What would be the proper way to handle this? And also, could you include a warning in the changelog about it

tavplubix · 2022-11-11T12:01:46Z

Thanks for reporting this, I've just reverted these changes, because fortunately they were not released. There are two ways to handle this (the first one is probably better):

Avoid introducing new merge type, just ignore disk space requirements for existing TTLDelete type if we are going to drop whole part.
Introduce a merge tree setting that enables new behavior, disable it by default to avoid creating log entries with new merge type, enable it by default after one year with a note about backward incompatible change in the changelog.

Algunenano · 2022-11-11T12:38:41Z

It makes sense to me to have a path to introduce new features since it will be necessary in the future, but I guess this path is different depending on the change. In this case 2 seems like a good option, as you can turn it on in the settings once you upgrade the cluster completely.

One of my greatest concerns is how to avoid breaking old servers when running with newer ones, mostly because otherwise it's impossible to do upgrades without strict human supervision and because sometimes you find in production that something isn't working as before and having the option to downgrade is always nice (not ideal, but it might save the night).
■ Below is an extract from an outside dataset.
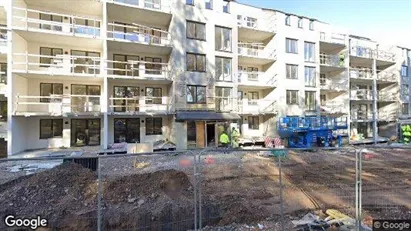 Lägenheter till salu i Jönköping - Bild från Google Street View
This is why we are running our internal tests mixing CH versions in a cluster and monitoring failures and system.errors and why we happened to detect this change as incompatible. We only check a small part of all the CH features (we didn't detect the serialization change either) but I hope between that and further improvements to CH's CI itself it will be easier to avoid these problems.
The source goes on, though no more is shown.